THE PROBLEM: In the entries, find all lines that hold the word "Designer" and copy them.

PROVIDED RECORDS:
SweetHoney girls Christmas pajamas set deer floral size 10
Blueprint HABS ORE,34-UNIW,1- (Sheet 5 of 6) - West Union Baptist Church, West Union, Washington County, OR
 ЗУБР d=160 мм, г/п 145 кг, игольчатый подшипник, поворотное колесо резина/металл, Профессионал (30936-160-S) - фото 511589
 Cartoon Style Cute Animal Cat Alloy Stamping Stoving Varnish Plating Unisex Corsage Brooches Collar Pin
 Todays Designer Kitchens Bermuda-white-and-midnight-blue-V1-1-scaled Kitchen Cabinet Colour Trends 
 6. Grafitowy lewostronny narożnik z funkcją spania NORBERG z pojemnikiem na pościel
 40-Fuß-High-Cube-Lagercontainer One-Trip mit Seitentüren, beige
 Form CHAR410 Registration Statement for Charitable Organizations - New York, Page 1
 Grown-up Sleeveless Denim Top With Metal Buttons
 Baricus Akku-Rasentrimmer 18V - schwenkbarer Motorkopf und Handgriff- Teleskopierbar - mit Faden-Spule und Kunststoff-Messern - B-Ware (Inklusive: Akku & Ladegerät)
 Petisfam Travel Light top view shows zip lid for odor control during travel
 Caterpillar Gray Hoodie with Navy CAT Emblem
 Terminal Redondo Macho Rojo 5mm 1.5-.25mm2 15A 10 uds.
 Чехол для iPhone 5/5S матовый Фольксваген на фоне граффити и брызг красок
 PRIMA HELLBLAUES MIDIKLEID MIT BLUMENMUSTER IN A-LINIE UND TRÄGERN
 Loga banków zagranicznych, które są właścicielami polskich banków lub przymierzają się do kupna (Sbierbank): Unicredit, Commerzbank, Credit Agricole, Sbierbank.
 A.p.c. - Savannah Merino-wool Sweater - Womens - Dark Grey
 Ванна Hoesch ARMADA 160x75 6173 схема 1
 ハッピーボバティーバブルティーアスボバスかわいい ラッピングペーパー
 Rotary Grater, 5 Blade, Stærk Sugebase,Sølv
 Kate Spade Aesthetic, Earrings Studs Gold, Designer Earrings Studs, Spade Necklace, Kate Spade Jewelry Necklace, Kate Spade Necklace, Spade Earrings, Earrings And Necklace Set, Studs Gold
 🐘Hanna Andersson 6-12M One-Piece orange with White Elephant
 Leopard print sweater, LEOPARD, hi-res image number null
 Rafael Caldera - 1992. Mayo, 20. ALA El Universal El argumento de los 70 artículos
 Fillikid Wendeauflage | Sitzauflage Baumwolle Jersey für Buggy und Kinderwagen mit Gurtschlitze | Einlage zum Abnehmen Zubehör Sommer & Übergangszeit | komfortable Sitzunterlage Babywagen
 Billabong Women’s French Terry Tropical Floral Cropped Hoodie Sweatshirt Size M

ANSWER BELOW:
 Todays Designer Kitchens Bermuda-white-and-midnight-blue-V1-1-scaled Kitchen Cabinet Colour Trends 
 Kate Spade Aesthetic, Earrings Studs Gold, Designer Earrings Studs, Spade Necklace, Kate Spade Jewelry Necklace, Kate Spade Necklace, Spade Earrings, Earrings And Necklace Set, Studs Gold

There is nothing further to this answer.